Inclusion criteria: All HIV positive and HIV negative patients, >12 years of age with history of fever for five days or more, with features suggestive of meningitis (headache neck pain and neck stiffness with weight loss or poor weight gain, night sweats) or with features suggestive of encephalitis (altered sensorium, focal deficits, seizures) with or without the involvement of cranial nerves and pyramidal tracts or combination of both. Patients with CSF findings or cerebral imaging findings (Computed Tomography (CT)/MRI finding suggestive of hydrocephalus/basal meningeal enhancement/infarct/tuberculoma) fulfilling Marais criteria for TBM were included (15).

Exclusion criteria: All HIV positive and HIV negative patients already on antitubercular therapy for TB elsewhere were excluded from the study.

Sample size calculation: The incidence of TB patients was approximately 800-1200 patients/year at the study centre with around 10% incidence of TBM (approximately 80-120 patients) among them.

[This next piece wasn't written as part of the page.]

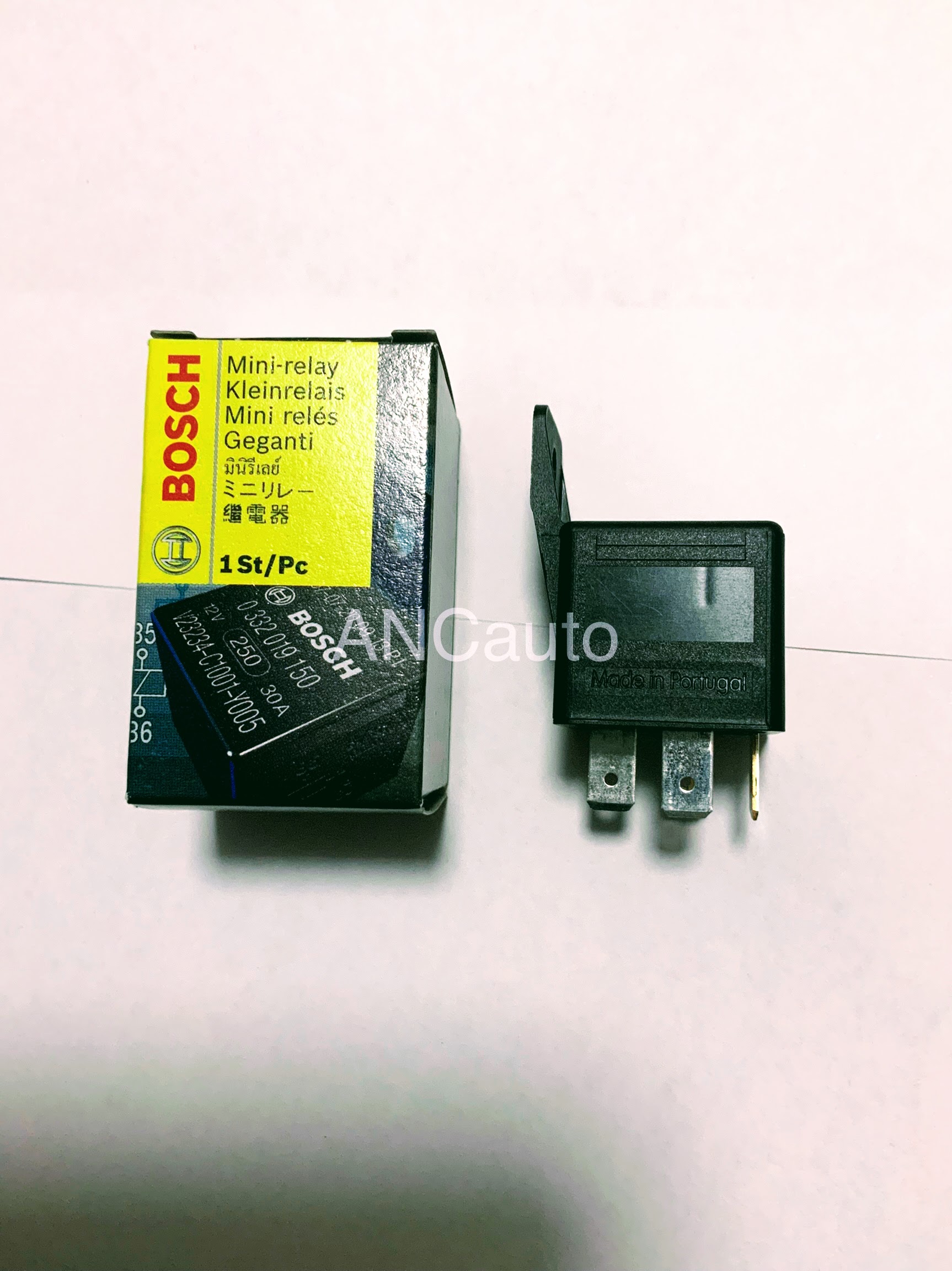 รีเลย์ 5ขา บอช แท้ รีเลย์ 12V รีเลย์ 5ขา รีเลย์ ไฟเลี้ยว ดีเลย์ 5ขา 12V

Considering this, the sample size of 80 was determined and patients were selected by consecutive random sampling methods.

Study Procedure

Demographic data, the relevant clinical history (including >10% weight loss over six months) and examination, laboratory investigations including detailed CSF analysis, radiological imaging findings, and response to treatment including adverse drug reactions were documented in case sheets.

Scores were given based on clinical features, CSF, imaging findings, and extra-neural TB as per Marai’s Criteria and patients diagnosis was classified as definite TBM (demonstration of TB bacilli on smear, positive culture or CBNAAT or histological evidence), probable TBM (Total score >12) and possible TBM (total score between 9-11) (15).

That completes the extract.